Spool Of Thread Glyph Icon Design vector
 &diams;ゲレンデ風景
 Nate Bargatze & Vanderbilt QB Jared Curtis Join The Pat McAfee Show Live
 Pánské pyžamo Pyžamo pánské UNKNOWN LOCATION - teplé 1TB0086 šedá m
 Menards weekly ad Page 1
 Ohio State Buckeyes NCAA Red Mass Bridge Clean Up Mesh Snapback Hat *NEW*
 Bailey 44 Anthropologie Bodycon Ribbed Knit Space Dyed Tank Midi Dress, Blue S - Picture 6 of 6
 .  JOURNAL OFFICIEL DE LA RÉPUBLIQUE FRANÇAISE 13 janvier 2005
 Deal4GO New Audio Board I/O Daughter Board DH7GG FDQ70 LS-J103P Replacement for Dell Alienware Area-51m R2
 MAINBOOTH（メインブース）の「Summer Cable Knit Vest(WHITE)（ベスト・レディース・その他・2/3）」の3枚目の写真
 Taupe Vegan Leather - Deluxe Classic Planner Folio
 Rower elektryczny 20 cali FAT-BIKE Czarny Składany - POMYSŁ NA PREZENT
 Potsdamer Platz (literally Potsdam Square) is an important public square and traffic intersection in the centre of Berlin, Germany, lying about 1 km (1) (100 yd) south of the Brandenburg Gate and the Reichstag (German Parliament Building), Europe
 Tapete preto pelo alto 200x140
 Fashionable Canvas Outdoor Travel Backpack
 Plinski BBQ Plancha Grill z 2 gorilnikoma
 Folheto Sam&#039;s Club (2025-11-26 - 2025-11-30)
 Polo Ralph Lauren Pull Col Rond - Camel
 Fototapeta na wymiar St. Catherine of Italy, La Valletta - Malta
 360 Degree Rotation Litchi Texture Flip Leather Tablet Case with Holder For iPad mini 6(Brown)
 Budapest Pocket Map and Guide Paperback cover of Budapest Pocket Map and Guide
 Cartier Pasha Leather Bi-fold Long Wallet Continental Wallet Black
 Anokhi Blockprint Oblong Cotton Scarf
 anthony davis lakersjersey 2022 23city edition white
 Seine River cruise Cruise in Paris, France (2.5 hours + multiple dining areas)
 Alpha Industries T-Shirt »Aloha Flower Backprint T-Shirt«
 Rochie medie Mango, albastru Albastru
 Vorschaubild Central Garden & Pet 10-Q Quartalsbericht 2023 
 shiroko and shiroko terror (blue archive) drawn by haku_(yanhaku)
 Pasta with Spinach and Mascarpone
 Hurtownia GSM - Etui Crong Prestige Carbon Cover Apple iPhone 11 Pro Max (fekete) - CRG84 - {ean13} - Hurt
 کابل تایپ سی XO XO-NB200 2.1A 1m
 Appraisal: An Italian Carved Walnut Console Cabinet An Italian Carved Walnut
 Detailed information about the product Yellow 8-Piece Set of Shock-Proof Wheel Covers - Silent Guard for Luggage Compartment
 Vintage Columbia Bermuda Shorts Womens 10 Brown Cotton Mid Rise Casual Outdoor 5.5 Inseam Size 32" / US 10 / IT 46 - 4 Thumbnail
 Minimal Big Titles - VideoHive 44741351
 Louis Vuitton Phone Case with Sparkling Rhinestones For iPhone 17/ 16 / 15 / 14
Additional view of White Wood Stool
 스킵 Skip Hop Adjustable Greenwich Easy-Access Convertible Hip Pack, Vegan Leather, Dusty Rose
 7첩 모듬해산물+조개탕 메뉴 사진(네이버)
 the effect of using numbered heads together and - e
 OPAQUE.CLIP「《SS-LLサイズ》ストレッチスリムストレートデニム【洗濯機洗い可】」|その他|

- [Task objective]: Each record above needs to be transcribed word for word.

- [Answer below]:
Spool Of Thread Glyph Icon Design vector
 &diams;ゲレンデ風景
 Nate Bargatze & Vanderbilt QB Jared Curtis Join The Pat McAfee Show Live
 Pánské pyžamo Pyžamo pánské UNKNOWN LOCATION - teplé 1TB0086 šedá m
 Menards weekly ad Page 1
 Ohio State Buckeyes NCAA Red Mass Bridge Clean Up Mesh Snapback Hat *NEW*
 Bailey 44 Anthropologie Bodycon Ribbed Knit Space Dyed Tank Midi Dress, Blue S - Picture 6 of 6
 .  JOURNAL OFFICIEL DE LA RÉPUBLIQUE FRANÇAISE 13 janvier 2005
 Deal4GO New Audio Board I/O Daughter Board DH7GG FDQ70 LS-J103P Replacement for Dell Alienware Area-51m R2
 MAINBOOTH（メインブース）の「Summer Cable Knit Vest(WHITE)（ベスト・レディース・その他・2/3）」の3枚目の写真
 Taupe Vegan Leather - Deluxe Classic Planner Folio
 Rower elektryczny 20 cali FAT-BIKE Czarny Składany - POMYSŁ NA PREZENT
 Potsdamer Platz (literally Potsdam Square) is an important public square and traffic intersection in the centre of Berlin, Germany, lying about 1 km (1) (100 yd) south of the Brandenburg Gate and the Reichstag (German Parliament Building), Europe
 Tapete preto pelo alto 200x140
 Fashionable Canvas Outdoor Travel Backpack
 Plinski BBQ Plancha Grill z 2 gorilnikoma
 Folheto Sam&#039;s Club (2025-11-26 - 2025-11-30)
 Polo Ralph Lauren Pull Col Rond - Camel
 Fototapeta na wymiar St. Catherine of Italy, La Valletta - Malta
 360 Degree Rotation Litchi Texture Flip Leather Tablet Case with Holder For iPad mini 6(Brown)
 Budapest Pocket Map and Guide Paperback cover of Budapest Pocket Map and Guide
 Cartier Pasha Leather Bi-fold Long Wallet Continental Wallet Black
 Anokhi Blockprint Oblong Cotton Scarf
 anthony davis lakersjersey 2022 23city edition white
 Seine River cruise Cruise in Paris, France (2.5 hours + multiple dining areas)
 Alpha Industries T-Shirt »Aloha Flower Backprint T-Shirt«
 Rochie medie Mango, albastru Albastru
 Vorschaubild Central Garden & Pet 10-Q Quartalsbericht 2023 
 shiroko and shiroko terror (blue archive) drawn by haku_(yanhaku)
 Pasta with Spinach and Mascarpone
 Hurtownia GSM - Etui Crong Prestige Carbon Cover Apple iPhone 11 Pro Max (fekete) - CRG84 - {ean13} - Hurt
 کابل تایپ سی XO XO-NB200 2.1A 1m
 Appraisal: An Italian Carved Walnut Console Cabinet An Italian Carved Walnut
 Detailed information about the product Yellow 8-Piece Set of Shock-Proof Wheel Covers - Silent Guard for Luggage Compartment
 Vintage Columbia Bermuda Shorts Womens 10 Brown Cotton Mid Rise Casual Outdoor 5.5 Inseam Size 32" / US 10 / IT 46 - 4 Thumbnail
 Minimal Big Titles - VideoHive 44741351
 Louis Vuitton Phone Case with Sparkling Rhinestones For iPhone 17/ 16 / 15 / 14
Additional view of White Wood Stool
 스킵 Skip Hop Adjustable Greenwich Easy-Access Convertible Hip Pack, Vegan Leather, Dusty Rose
 7첩 모듬해산물+조개탕 메뉴 사진(네이버)
 the effect of using numbered heads together and - e
 OPAQUE.CLIP「《SS-LLサイズ》ストレッチスリムストレートデニム【洗濯機洗い可】」|その他|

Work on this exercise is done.